Todo esto sucedió para que se cumpliese lo que habla dicho el Señor por el Profeta: «Mirad: la Virgen concebirá y dará a luz un hijo y le pondrá por nombre Emmanuel, que significa «Dios-con-nosotros».»
Cuando José se despertó, hizo lo que le había mandado el ángel del Señor y se llevó a casa a su mujer.
Palabra del Señor
Meditación:
María no fue la mujer de José porque él la usara o dominara, sino porque la amó. Así pudo ser el legítimo marido de quien era el huerto sellado y el jardín cerrado del Creador.
Porque no es nuestro lo que usamos o dominamos, sino lo que amamos.
Ese niño que crecería en el vientre de su mujer y luego en su propia casa era, efectivamente, el Hijo de Dios. No le pertenecía, sino que provenía de quien nos trasciende a todos, y hacia Él se dirigía. Pero José también era legítimamente su
padre. Porque es padre quien espera, quien se pospone a sí mismo para dar la primacía a Dios y hacer que su luz destelle en el corazón del hijo. Porque el estupor, la obediencia y la gratitud de todo auténtico padre forman parte de la lucha por vivir esa misión que, ciertamente, nos supera.
Un padre así no teme hacer que el niño y su madre atraviesen un desierto como forasteros, porque él les llevará de la mano bajo la mano de Dios. Así serán más fuertes que todos los poderes del mal, que no podrán alcanzarles.

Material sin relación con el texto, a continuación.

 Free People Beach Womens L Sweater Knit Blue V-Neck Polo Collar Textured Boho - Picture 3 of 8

Por eso el Hijo del Eterno, sería conocido como el “hijo del carpintero”. Porque este artesano habría enseñado al Logos Divino cosas tan simples como usar un martillo y limpiarse el polvo del camino, u otras tan sublimes como bendecir la mesa y cantar un salmo. Le habrá enseñado a cargar algunos leños cada día, sin saber que llegaría el día, el definitivo en que este hijo le recordaría agradecido al cargar el leño donde estaría clavada la salvación del mundo.

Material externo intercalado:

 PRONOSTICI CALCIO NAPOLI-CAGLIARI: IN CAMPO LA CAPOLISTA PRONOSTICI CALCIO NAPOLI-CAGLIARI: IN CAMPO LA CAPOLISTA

Porque es padre quien deja vivir a su hijo, a su hija, más allá de sí mismo, sabiendo que la vida es siempre audaz, creativa y expansiva. A él tan solo le ha sido confiada para que
no se interrumpa este devenir. He aquí su propia grandeza. Pero mayor grandeza aún será cuando reciba la admiración del hijo que reconoce en él al hombre que ama a su
madre. Es decir, si llega a ser el hombre que enseña al hijo cómo debe ser amada una mujer y a la hija cómo merece ser amada.
Es padre quien hace silencio para que el hijo exprese cuanto le hizo aprender del primero y definitivo Padre suyo y nuestro. Así hasta que llegue el día en que pueda sentarse como discípulo a aprender de aquel al que enseñó a dar sus primeros pasos sin dejarlo caído en sus tropiezos.

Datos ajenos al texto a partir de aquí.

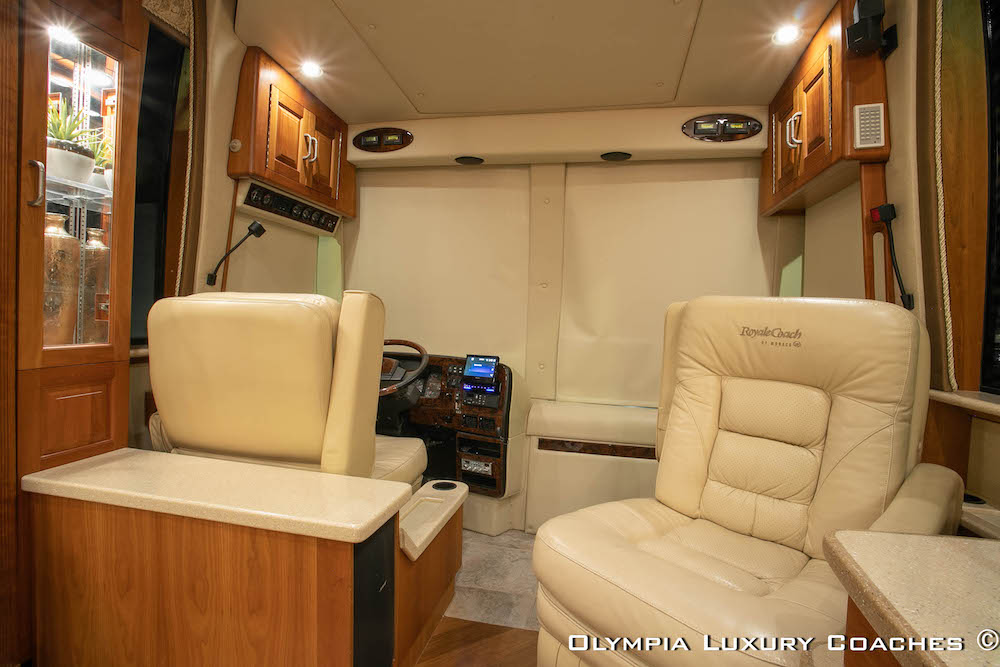 2003 Prevost Royale XLII For Sale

Porque le habrá hecho aprender de su propia paternidad a alzar los ojos para pedir ayuda al que puede levantarle. Y cuando llegue el día, y quiera Dios que a todos nos llegue, en que su hijo, su hija, se dirijan hacia un horizonte mayor, ese padre podrá seguir descendiendo. Se hará tan pequeño como para ser contenido ahora en el pequeño corazón y en cada minúscula fibra de esa simple persona que engendró a la vida y
ayudó a crecer. Simple individuo, sí, pero capaz de contener el mundo que aprendió a amar con todo su ser.
Porque dar la vida es enseñar a través del camino de la constancia, la prueba y el desapego, que el amor está siempre al principio y al final de toda vida por la que merezca la pena jugarse la misma vida.